We selected patients treated at our Institution by minimally invasive transpsoas approach with a minimal of one-level lateral lumbar interbody fusion or anterior column resection (ACR) with anterior longitudinal ligament release. Patients were divided in 2 groups: completely minimally invasive surgery (cMIS), in which patients underwent lateral retroperitoneal transpsoas approach to the lumbar spine according to standard XLIF procedure, combined with percutaneous posterior fixation; hybrid surgery group, in which patients received supplementary open posterior approach. In this last group, patients underwent ACR procedure were distinguished. Radiographic measurements included pre and post-op (3 months) disc angle (DA) at each level of cage application, lumbar lordosis (LL), sacral slope (SS), pelvic tilt (PT), pelvic incidence (PI), PI-LL mismatch. We also measured DA variation (DAv). 

Results

41 patients had a complete and good quality data set. cMIS approach was performed in 27 patients (65,8%), while 14 patients (34,2%) underwent hybrid surgery. A total number of 78 cages was implanted.
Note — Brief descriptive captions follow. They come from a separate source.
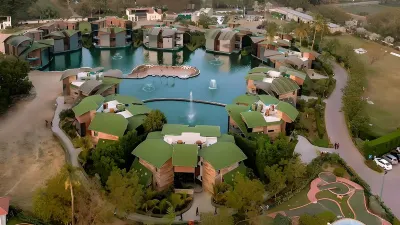 Neonz Resort and Club Các khách sạn ở Anand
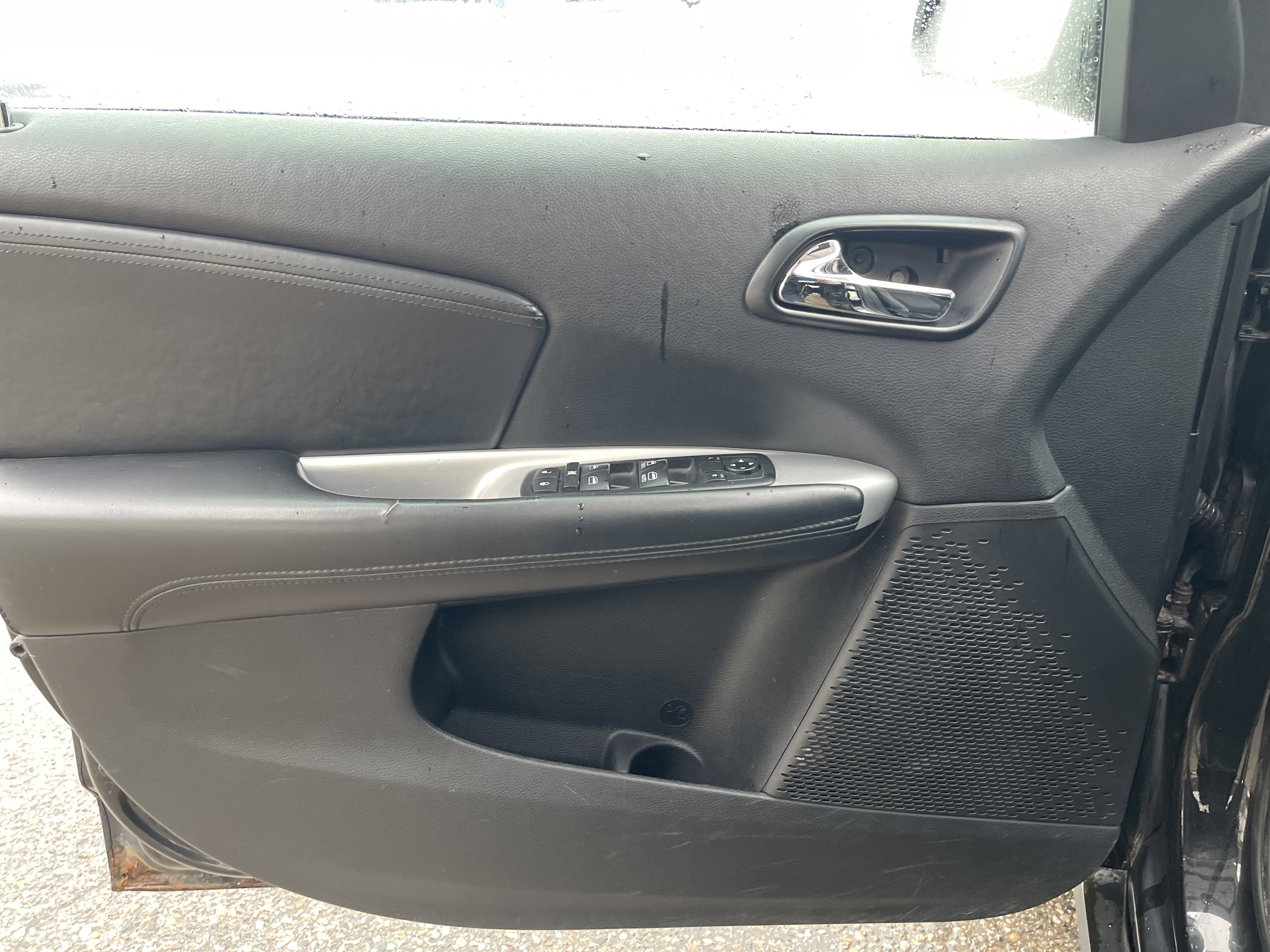 Used 2012 Dodge Journey SXT w/ Flexible Seating Group FWD image 12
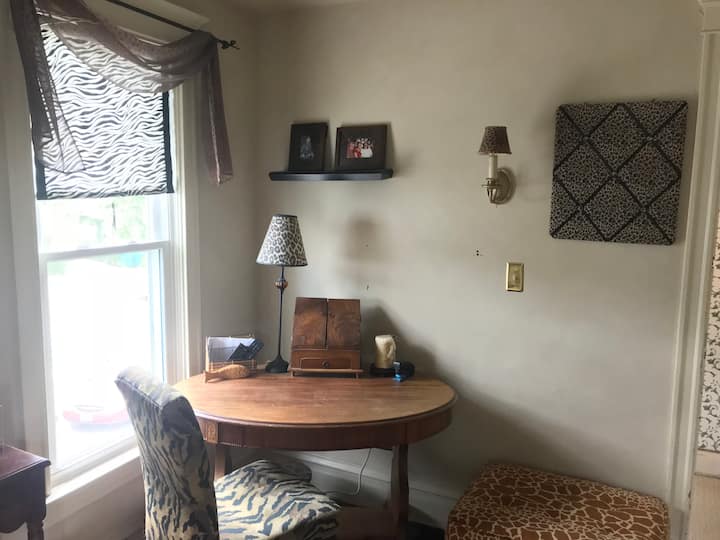 Top 18 Airbnb Vacation Rentals In DeKalb, Illinois Updated 2024 Trip101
In Hybrid group, 4 patients (9,7%) underwent ACR procedure. Mean radiographic data in cMIS group changed as follow: LL from 44,1° pre-op to 51,6° post-op (p < 0,01), PI-LL mismatch from 9,2° to 7,1°. In Hybrid group LL improved from 30,7° pre-op to 49,6° (p < 0,001), PI-LL mismatch from 15,8° to 4,6° (p < 0,001). In cMIS group, DA at each level of cage application changed from a mean value of -2° to -5,8° post-op (p = 0,06), with mean DAv of -3,8°; in Hybrid group, DA changed from -0,5° to -6° (p < 0,01), with mean DAv of -5,5°. In the subgroup underwent ACR procedure, DA changed from a mean pre-op value of +1° to -13,2° post-op (p < 0,001), with mean DAv of -14,2°. LL improved from a mean value of 22,6° pre-op to 45,9° post-op (p < 0,001). 

Conclusions

Minimally-invasive lateral lumbar interbody fusion is an effective technique in improving sagittal parameters. When combined with posterior open approach and/or application of ACR procedure with 20° cages, greater corrections are possible.